What to work on
What is needed is an exact repeat of the lines from the one holding "Prvi put ambasade" through the final line of the data, with no pictures.

Collected data

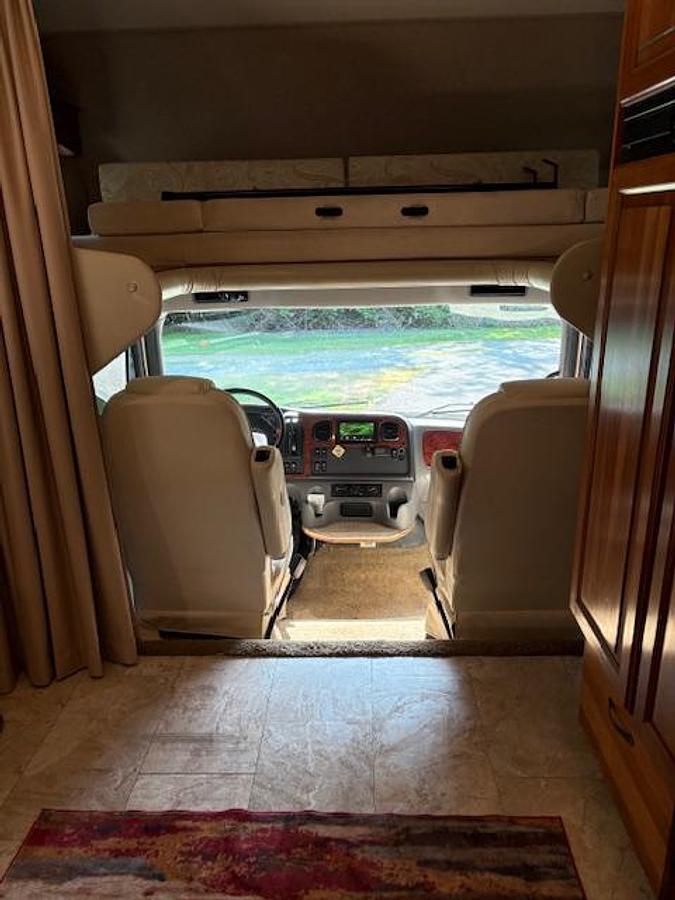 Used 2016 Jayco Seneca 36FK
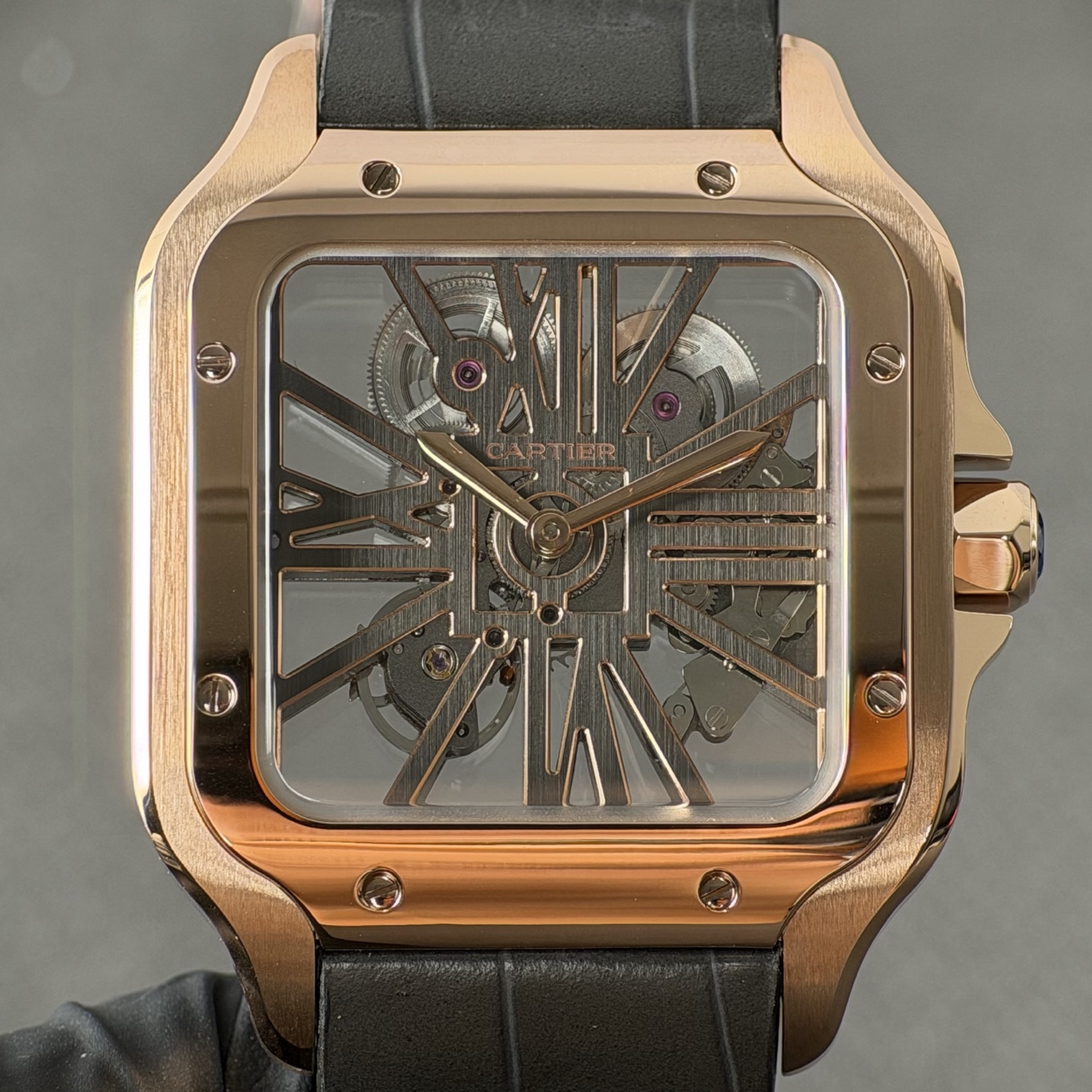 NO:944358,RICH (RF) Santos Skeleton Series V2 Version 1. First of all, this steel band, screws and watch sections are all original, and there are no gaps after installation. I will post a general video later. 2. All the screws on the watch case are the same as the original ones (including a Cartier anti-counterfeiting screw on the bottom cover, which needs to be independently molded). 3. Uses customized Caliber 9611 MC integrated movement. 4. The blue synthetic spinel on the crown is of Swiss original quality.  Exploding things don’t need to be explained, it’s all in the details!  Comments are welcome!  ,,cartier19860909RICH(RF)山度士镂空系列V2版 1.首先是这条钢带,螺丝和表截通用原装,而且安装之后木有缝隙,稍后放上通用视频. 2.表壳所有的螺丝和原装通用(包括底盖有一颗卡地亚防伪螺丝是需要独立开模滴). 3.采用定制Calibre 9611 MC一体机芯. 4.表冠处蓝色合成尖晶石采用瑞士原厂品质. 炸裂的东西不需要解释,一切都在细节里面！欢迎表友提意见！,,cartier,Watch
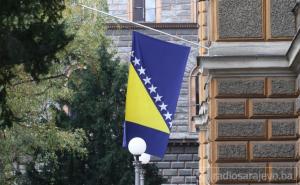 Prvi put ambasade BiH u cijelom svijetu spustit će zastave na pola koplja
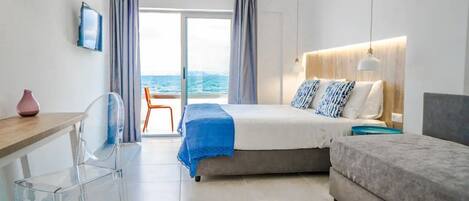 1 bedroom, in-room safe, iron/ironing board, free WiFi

Exercise output
 Prvi put ambasade BiH u cijelom svijetu spustit će zastave na pola koplja
 1 bedroom, in-room safe, iron/ironing board, free WiFi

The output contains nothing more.